**Data provided:**
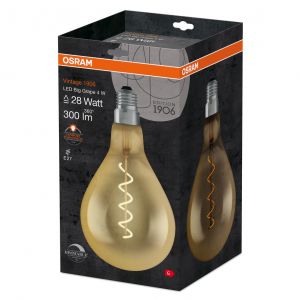Żarówka LED Vintage 1906 LED CL A160 FIL GOLD 28 dim 5W/820 E27 4058075269705 LEDVANCE - asset_5962872.jpg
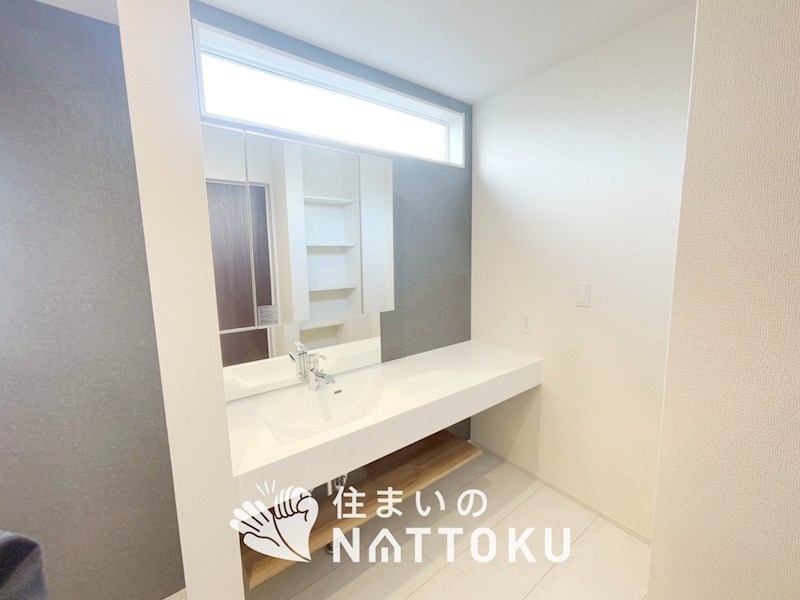 三木市緑が丘町西　2号地 内観写真（洗面台・洗面所）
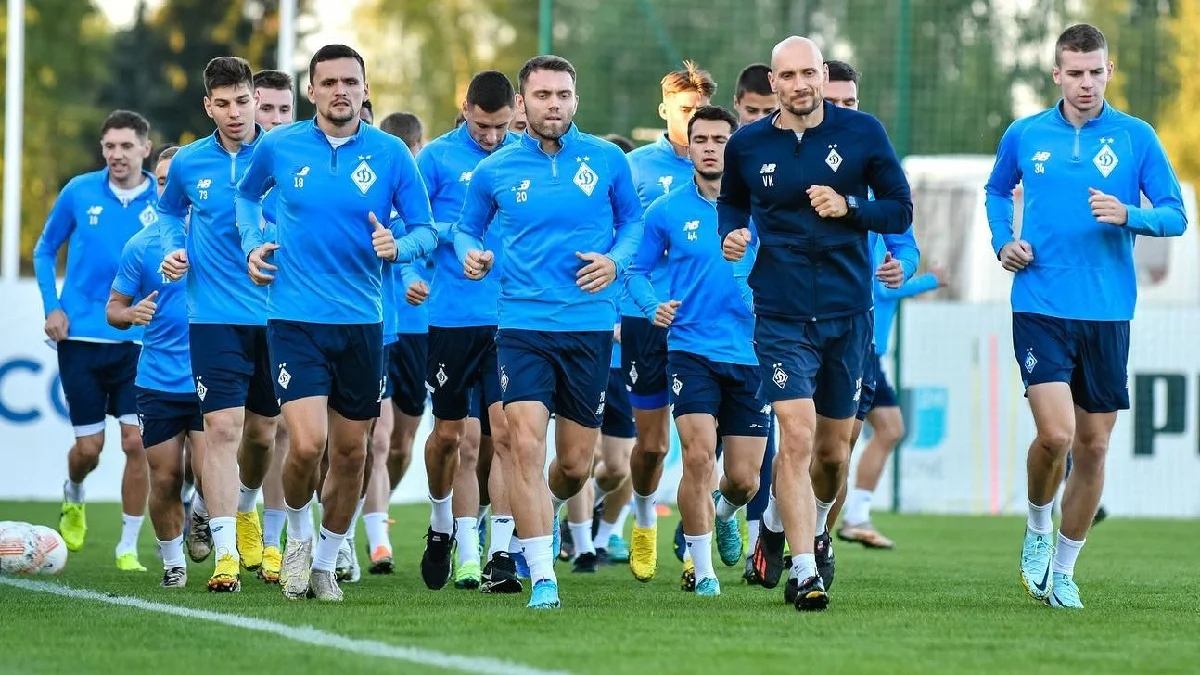 Динамо / ФК Динамо Киев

**Problem requirements:** Every line above should be printed again word for word, without its pictures.

**Task response:**
Żarówka LED Vintage 1906 LED CL A160 FIL GOLD 28 dim 5W/820 E27 4058075269705 LEDVANCE - asset_5962872.jpg
 三木市緑が丘町西　2号地 内観写真（洗面台・洗面所）
 Динамо / ФК Динамо Киев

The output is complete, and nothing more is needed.